__Requirement__: Here is the task for the listing below: output exactly the lines from the one containing "Germanwings" through the one containing "Latex Balloon Decorator", and leave out the pictures.

┌─ Input

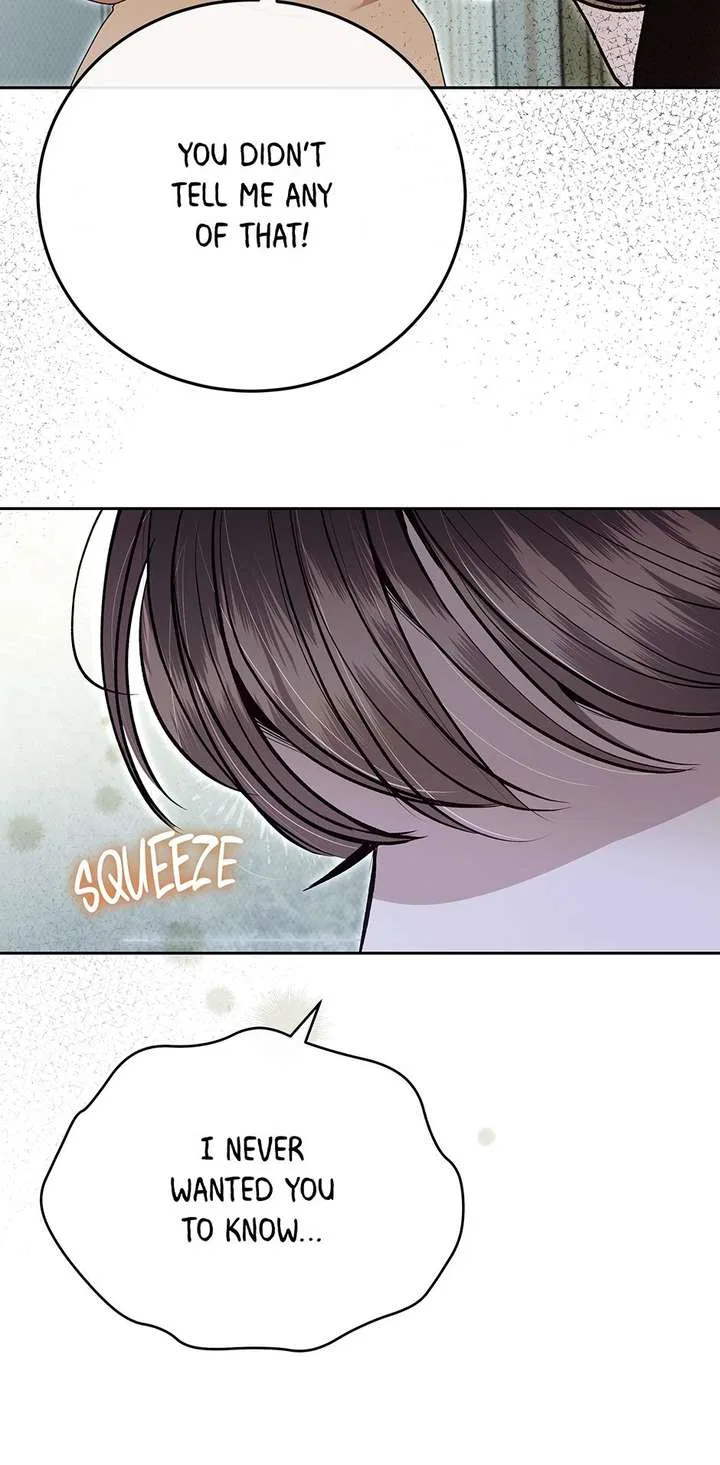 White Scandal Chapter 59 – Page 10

└─
┌─ Input

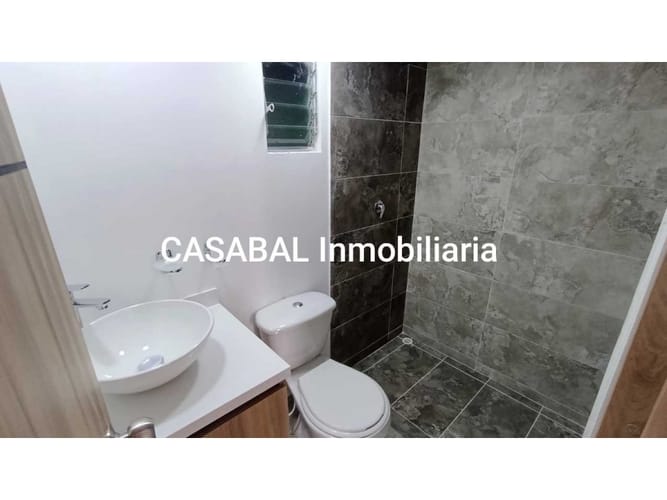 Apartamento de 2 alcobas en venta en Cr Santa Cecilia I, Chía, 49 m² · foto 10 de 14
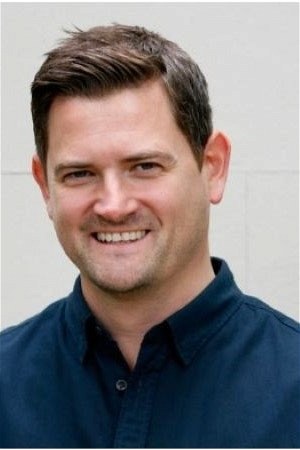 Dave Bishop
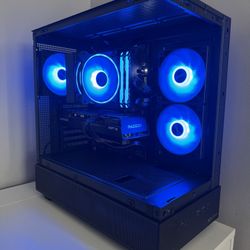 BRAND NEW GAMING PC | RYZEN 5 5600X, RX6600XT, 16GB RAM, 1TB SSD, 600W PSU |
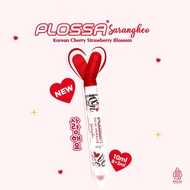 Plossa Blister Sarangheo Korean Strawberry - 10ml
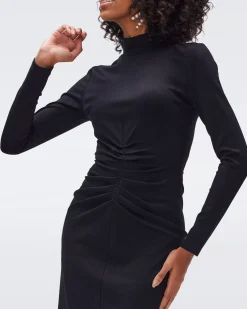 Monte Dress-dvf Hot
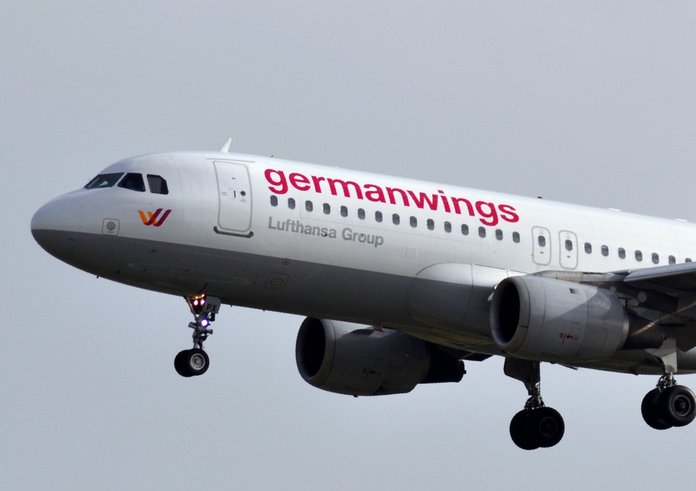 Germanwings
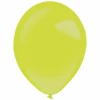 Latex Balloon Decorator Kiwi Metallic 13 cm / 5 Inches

└─

__Result of the exercise__:
 Germanwings
 Latex Balloon Decorator Kiwi Metallic 13 cm / 5 Inches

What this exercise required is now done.